- _Directions_
Pictures are to be skipped. Retype exactly the lines from the top of the material through the one with "Natur von decorwelt", and only those.

- _Data below_

*** Block opens ***

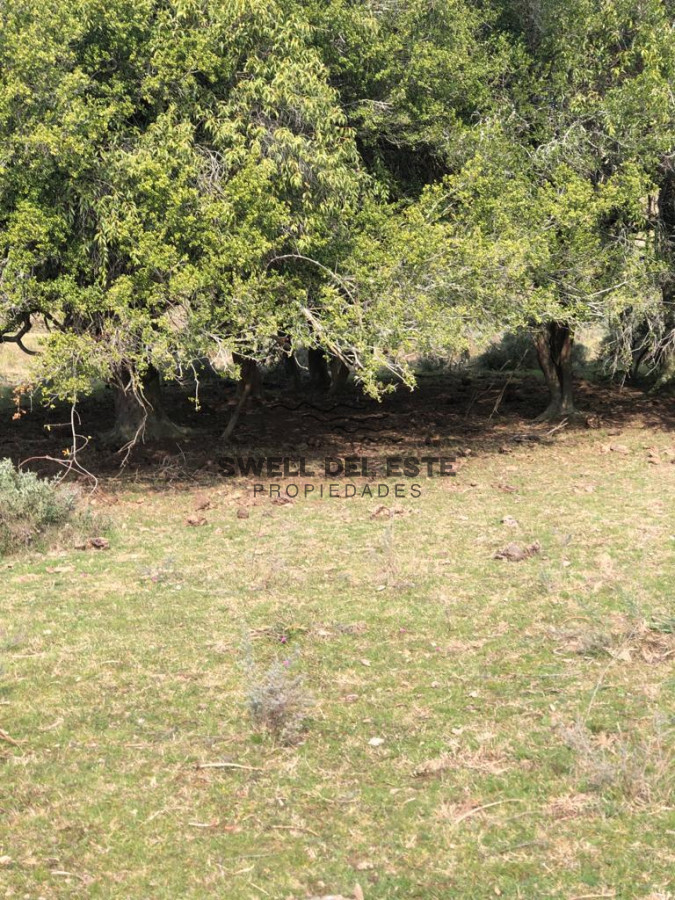 Chacra ID.6 - Chacra en Garzón 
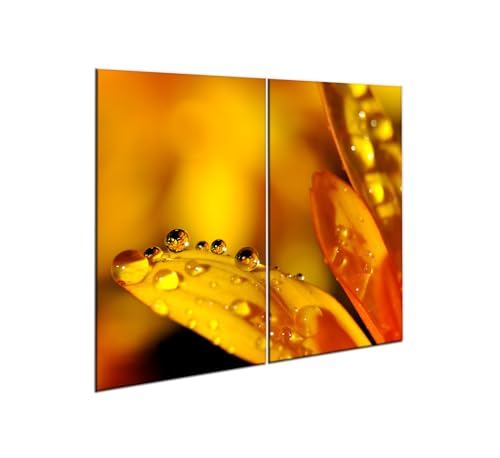 decorwelt |Herdabdeckplatte Glas Set 2x30x52 cm Ceranfeld Abdeckung Spritzschutz Abdeckplatte rutschfest Ceranfeldabdeckung Gelb Natur decorwelt |Herdabdeckplatte Glas Set 2x30x52 cm Ceranfeld Abdeckung Spritzschutz Abdeckplatte rutschfest Ceranfeldabdeckung Gelb Natur von decorwelt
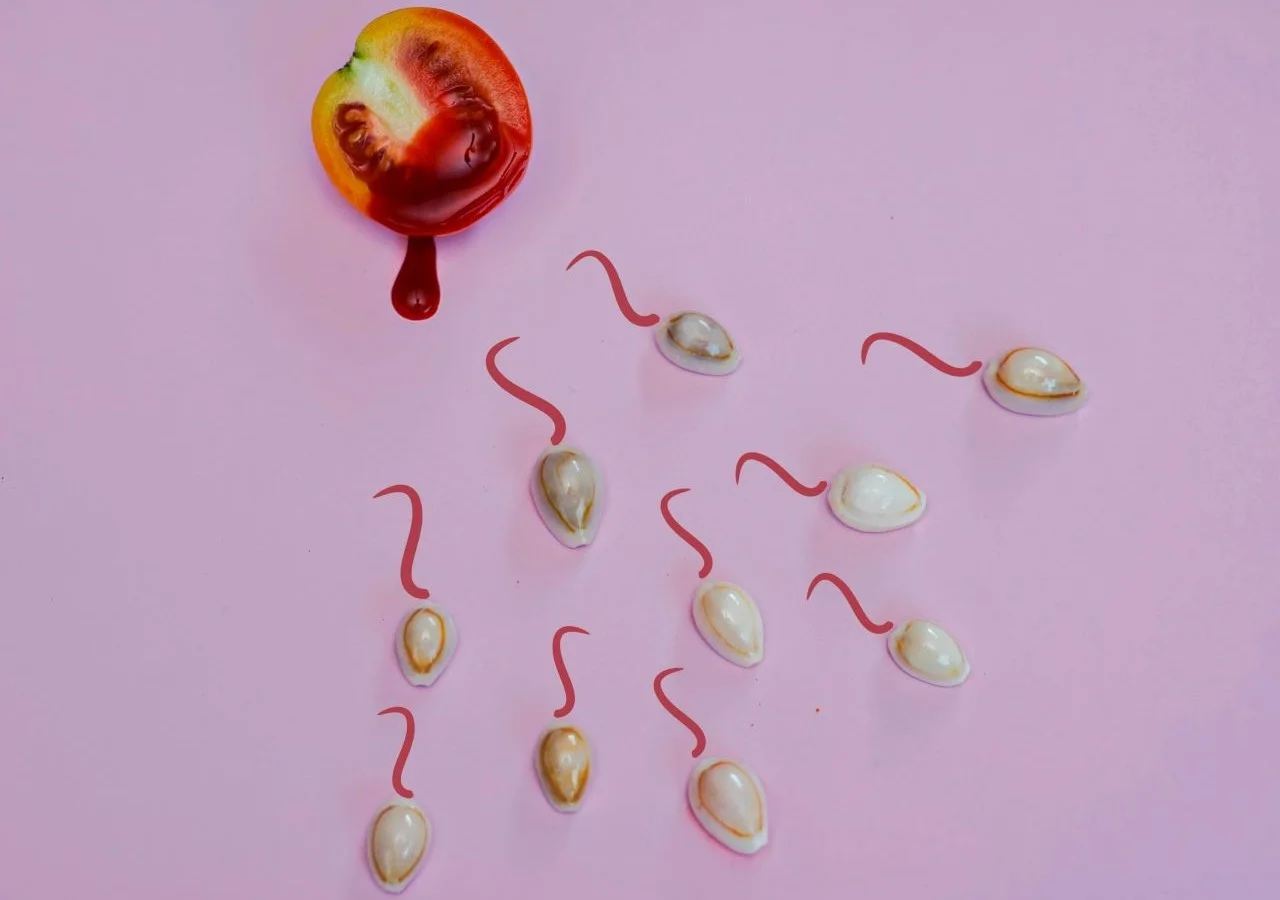 Overview of sperm survival time in different environments such as the vagina, mouth, air, skin, water, and a condom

*** Block closes ***

- _Written solution_
 Chacra ID.6 - Chacra en Garzón 
 decorwelt |Herdabdeckplatte Glas Set 2x30x52 cm Ceranfeld Abdeckung Spritzschutz Abdeckplatte rutschfest Ceranfeldabdeckung Gelb Natur decorwelt |Herdabdeckplatte Glas Set 2x30x52 cm Ceranfeld Abdeckung Spritzschutz Abdeckplatte rutschfest Ceranfeldabdeckung Gelb Natur von decorwelt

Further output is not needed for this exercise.